A Capitol Orchard: Settler Colonialism and Botanical Networks in Nineteenth-Century Hokkaido

A Capitol Orchard: Settler Colonialism and Botanical Networks in Nineteenth-Century Hokkaido

Michael Thornton - Postdoctoral Associate in East Asian Studies and Lecturer in History

Thursday, October 4, 2018 - 12:00pm to 1:30pm
Room 218, East Asia Library, SML See map
120 High Street
New Haven, CT 06511

In 1873, the Hokkaido Colonial Agency built an orchard on the grounds of its new capitol building, located in the center of Sapporo. This orchard facilitated the transfer of fruit trees and other plants throughout Hokkaido, Japan, and the wider world, and helped turn Hokkaido’s forests and marshes into an agricultural landscape that resembled New England or Wisconsin. This conscious remaking of Hokkaido’s environment to facilitate Japanese expansion resembled the processes of settler-colonialism around the world, but also drew on long-standing efforts by the Japanese state to settle the region. The orchard, as the site of the convergence of these older ideas with a global network of plant transfers and botanical interventions, sheds new light on the process of settler colonialism in Hokkaido, and encourages us to take a global perspective in analyzing this early conquest of the modern Japanese empire.

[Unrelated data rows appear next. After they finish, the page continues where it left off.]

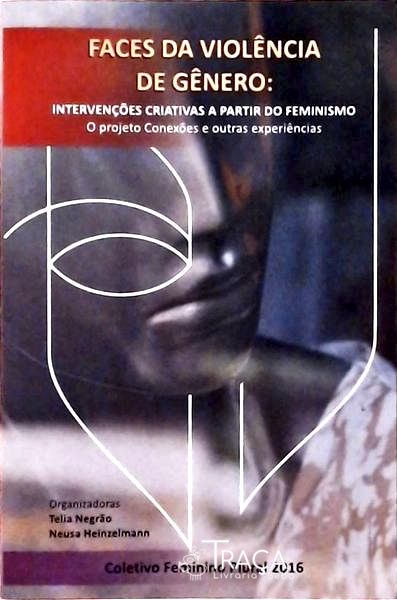 Faces Da Violência De Gênero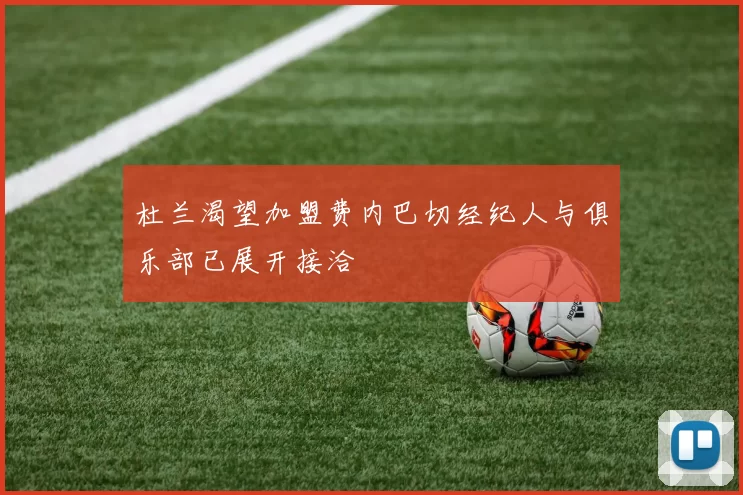 杜兰渴望加盟费内巴切经纪人与俱乐部已展开接洽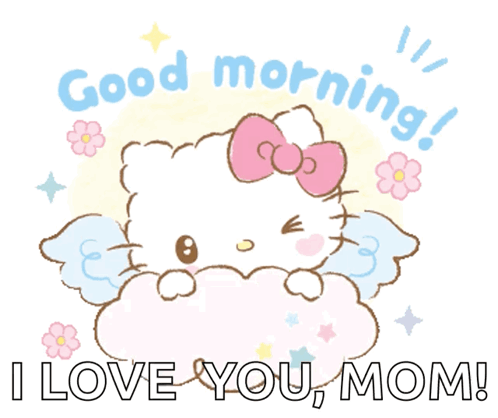 Hello Kitty Is Sitting On A Cloud With The Words Good Morning I Love You Mom GIF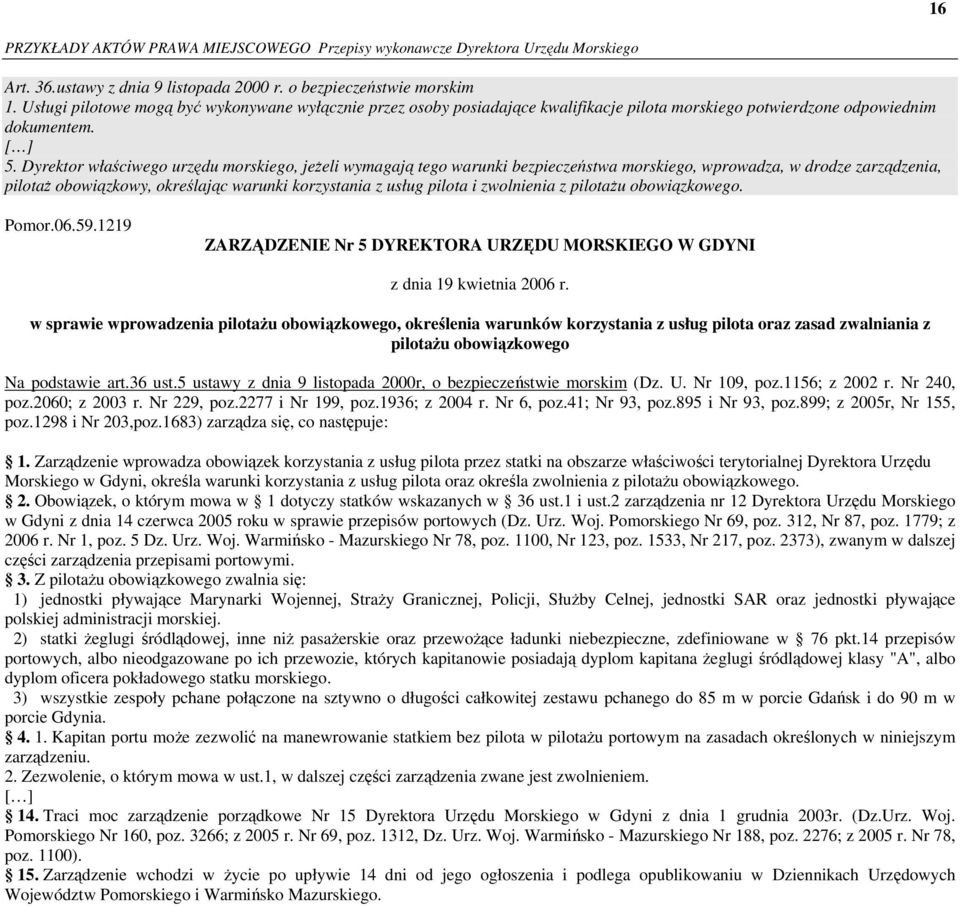 Dyrektor właściwego urzędu morskiego, jeżeli wymagają tego warunki bezpieczeństwa morskiego, wprowadza, w drodze zarządzenia, pilotaż obowiązkowy, określając warunki korzystania z usług pilota i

Michael Thornton is a historian of early-modern and modern Japan, with a particular interest in urban history. In his dissertation, “Settling Sapporo: City and State in the Global Nineteenth Century,” he analyzed the planning and construction of Sapporo across the nineteenth century. He argued that the city was built as a settler-colonial capital, playing an instrumental role in the Japanese colonization of Hokkaido. The city was in turn heavily shaped by its colonial position and functions. More broadly, Thornton is interested in the transformation of Japanese cities between the Tokugawa and Meiji periods, including the development of new forms of social and political organization and municipal administration, with an eye to lessons that the rest of the world might learn from one of the planet’s most urbanized societies. 

Thornton grew up in Kobe and Tokyo before attending Yale, where he received a BA in History in 2010. After brief stints in Germany and back in Japan he entered the PhD program in History at Harvard, from which he graduated in May 2018.

In Spring 2019, he will teach the course “The City in Modern East Asia.”